> **DESCRIPTION OF THE TASK**: Everything in the listing below should be repeated verbatim, apart from the pictures.

> **DATA LISTING**:

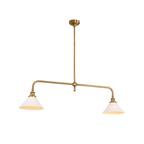 Arms swept wide above two matching shades, this brass-finish Clérachic pendant glows warm on a white background.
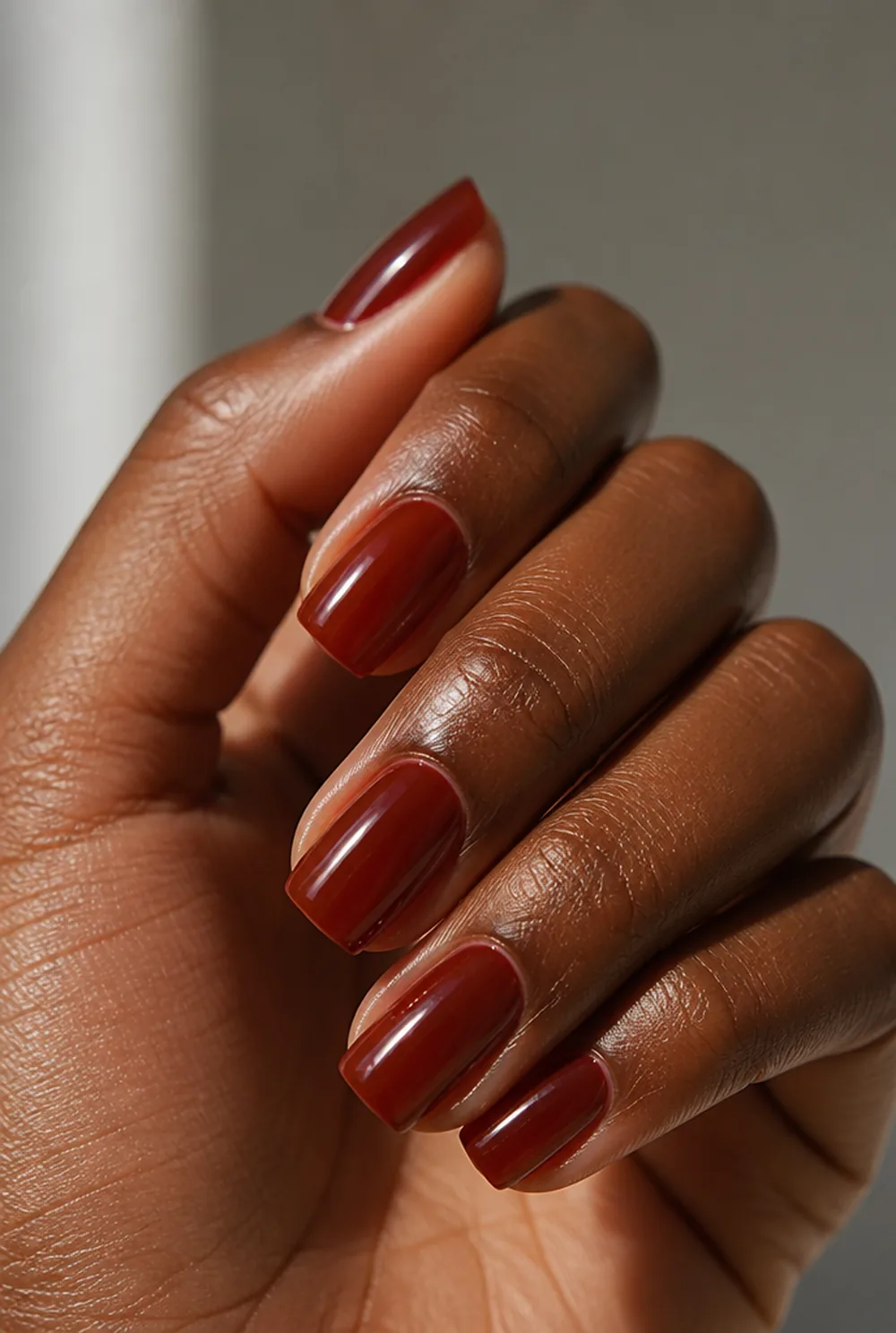 cherry cola brown nail art on deep brown skin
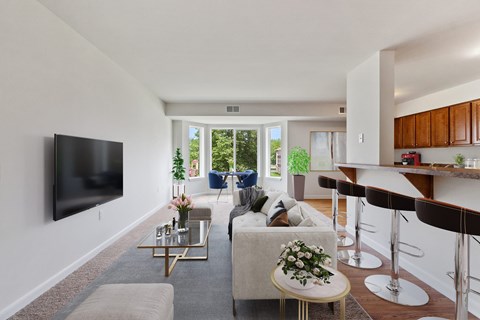 A living room with a white couch and a flat screen TV mounted on the wall.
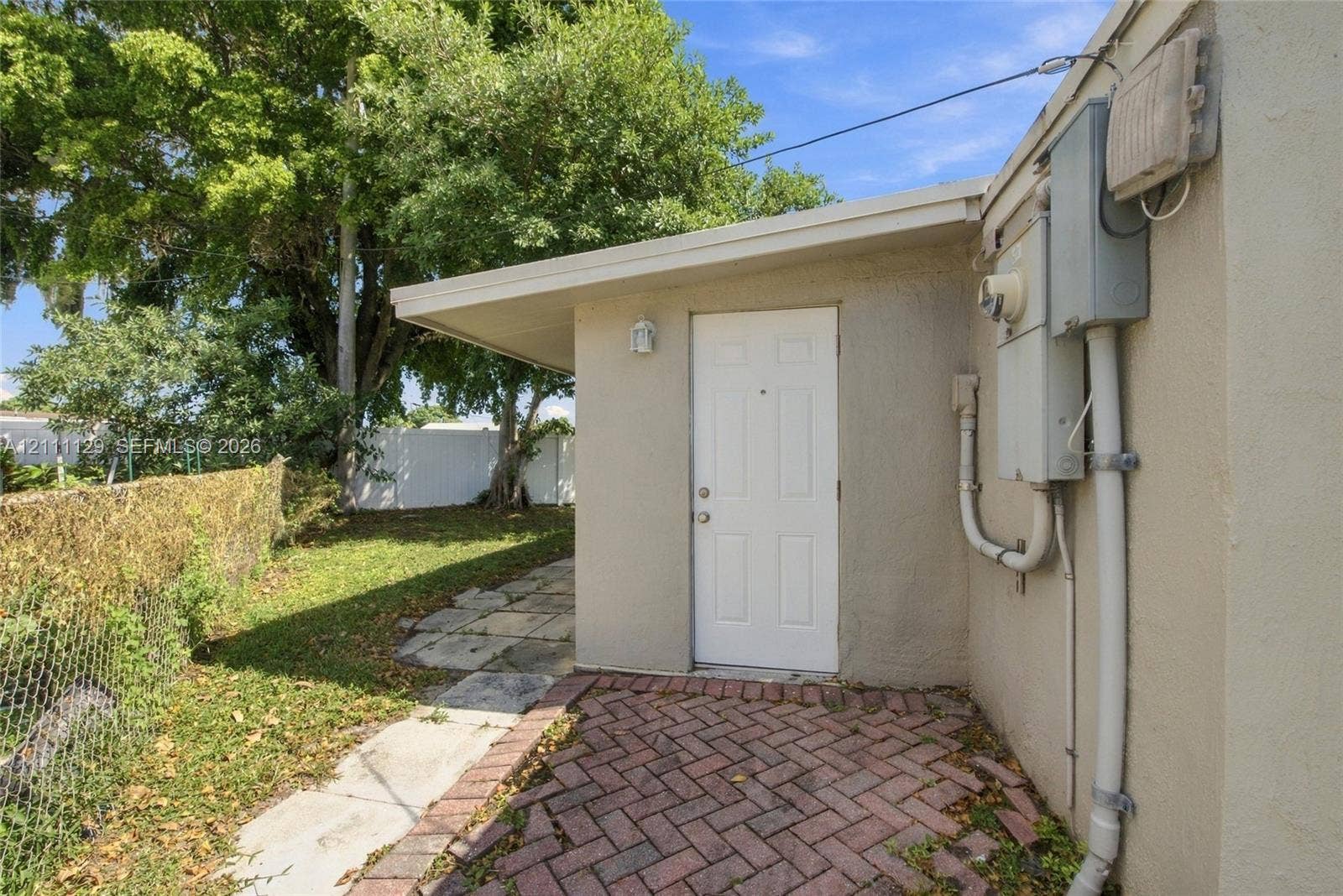 Exterior entry featuring a white door, herringbone-pattern brick patio, and a stone walkway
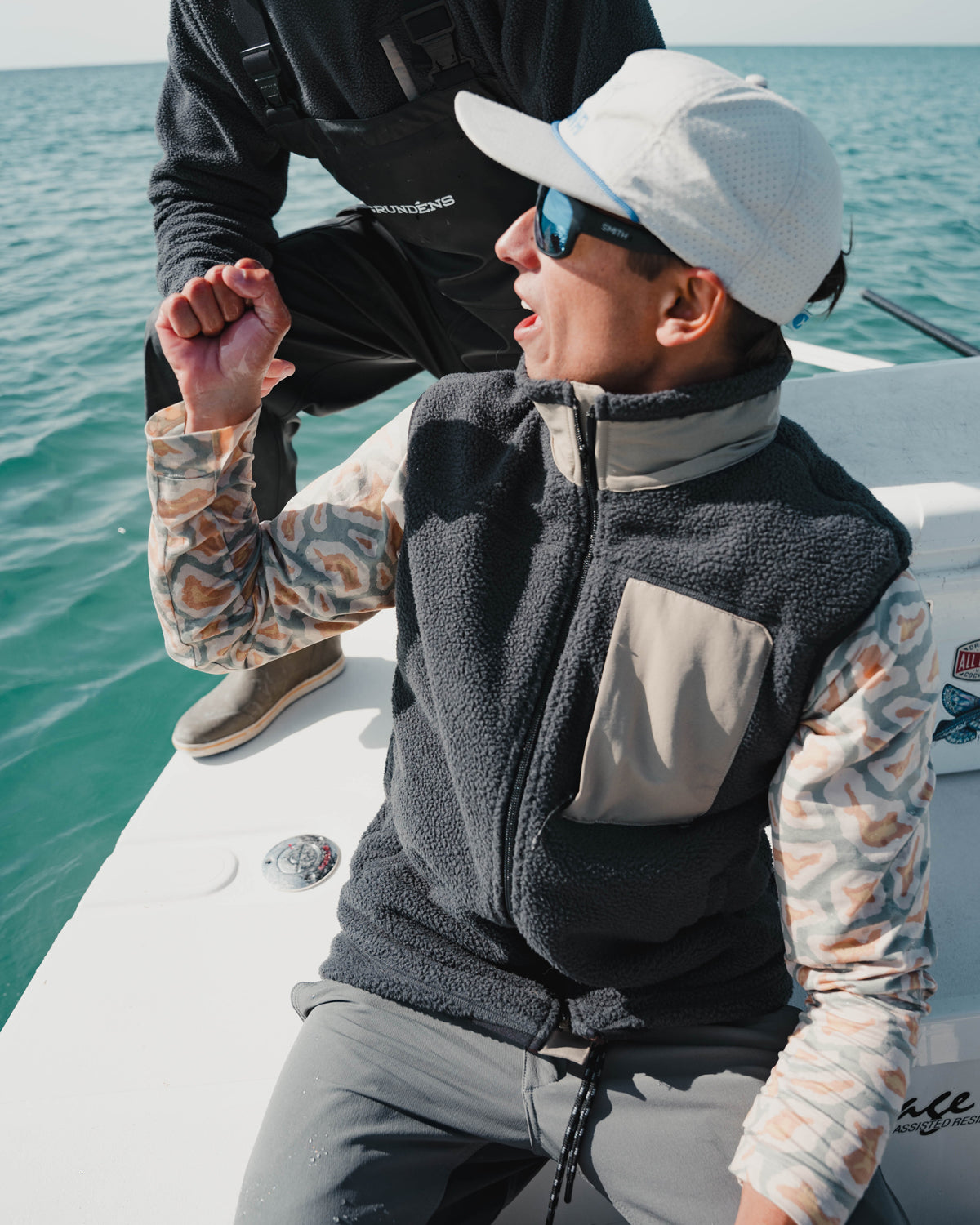 A person wearing the Choona Pt. Washington Sherpa Vest, sunglasses, and a white cap sits on a boat, gesturing while talking. Another person in dark clothing stands nearby as the boat floats on calm blue water under a clear sky.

> **OUTPUT FOR THIS EXERCISE**:
 Arms swept wide above two matching shades, this brass-finish Clérachic pendant glows warm on a white background.
 cherry cola brown nail art on deep brown skin
 A living room with a white couch and a flat screen TV mounted on the wall.
 Exterior entry featuring a white door, herringbone-pattern brick patio, and a stone walkway
 A person wearing the Choona Pt. Washington Sherpa Vest, sunglasses, and a white cap sits on a boat, gesturing while talking. Another person in dark clothing stands nearby as the boat floats on calm blue water under a clear sky.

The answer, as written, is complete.